-- ASSIGNED TASK --
Output exactly, and only, the lines below from the one with "Строительная отрасль Ростовской" down to the one with "partecipanti dell'edizione Phd". Include both end lines and no pictures.

-- DATA FOR PROCESSING --
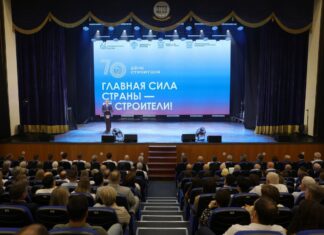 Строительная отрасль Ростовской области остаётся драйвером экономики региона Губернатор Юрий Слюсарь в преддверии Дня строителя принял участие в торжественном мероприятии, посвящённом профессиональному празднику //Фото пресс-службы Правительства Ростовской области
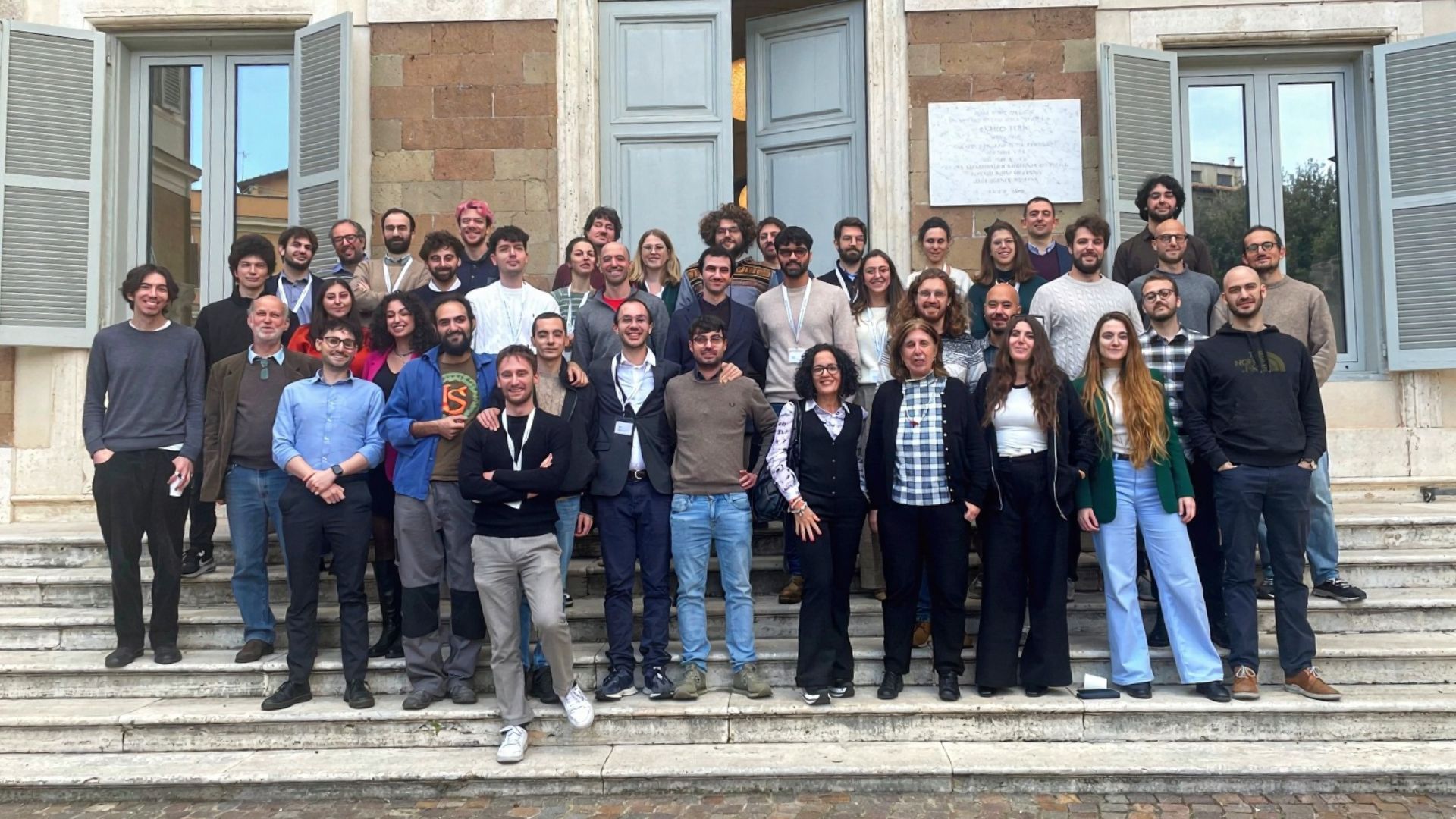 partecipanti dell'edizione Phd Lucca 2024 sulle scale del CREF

* * *

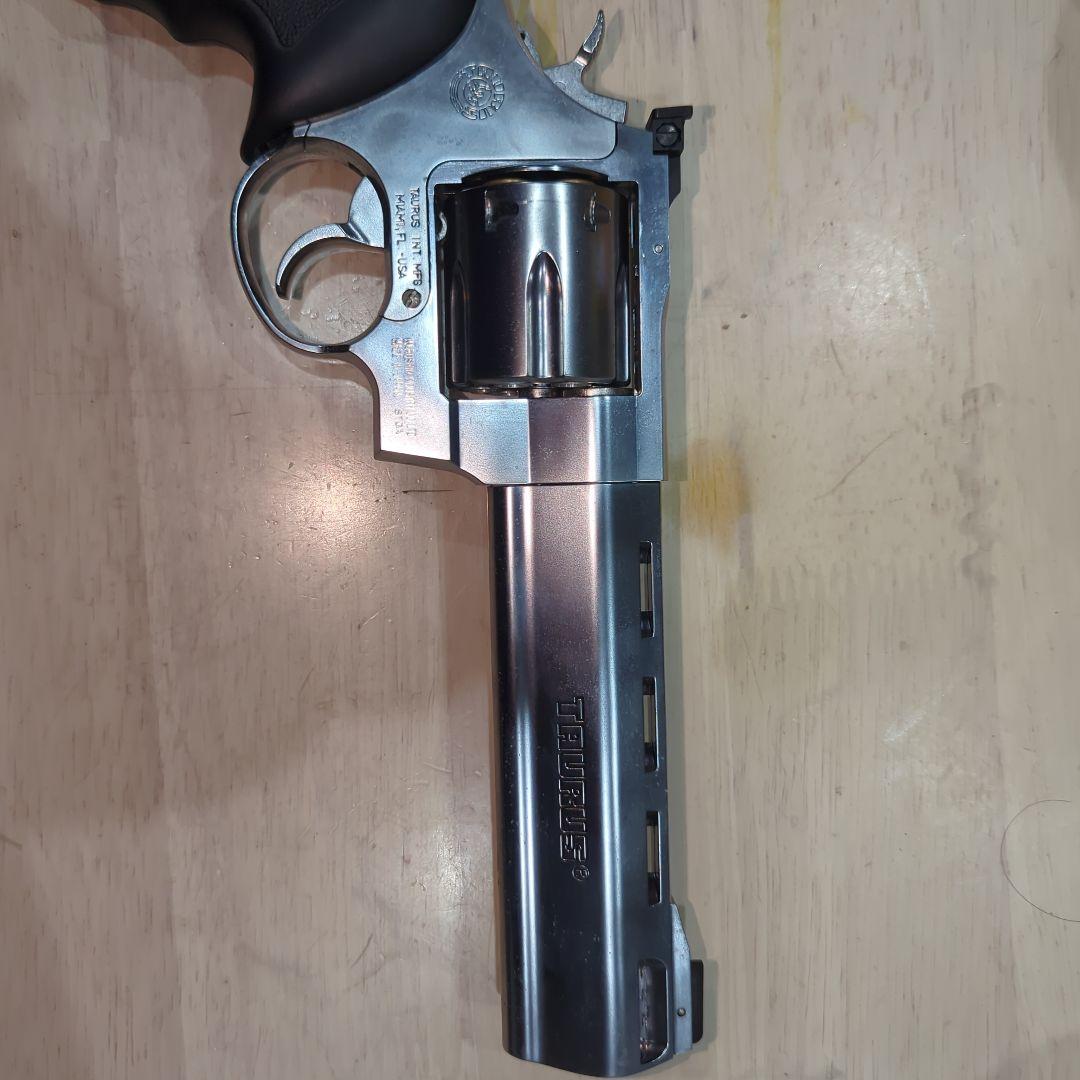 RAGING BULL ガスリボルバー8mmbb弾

-- RESULT FOR THIS EXERCISE --
 Строительная отрасль Ростовской области остаётся драйвером экономики региона Губернатор Юрий Слюсарь в преддверии Дня строителя принял участие в торжественном мероприятии, посвящённом профессиональному празднику //Фото пресс-службы Правительства Ростовской области
 partecipanti dell'edizione Phd Lucca 2024 sulle scale del CREF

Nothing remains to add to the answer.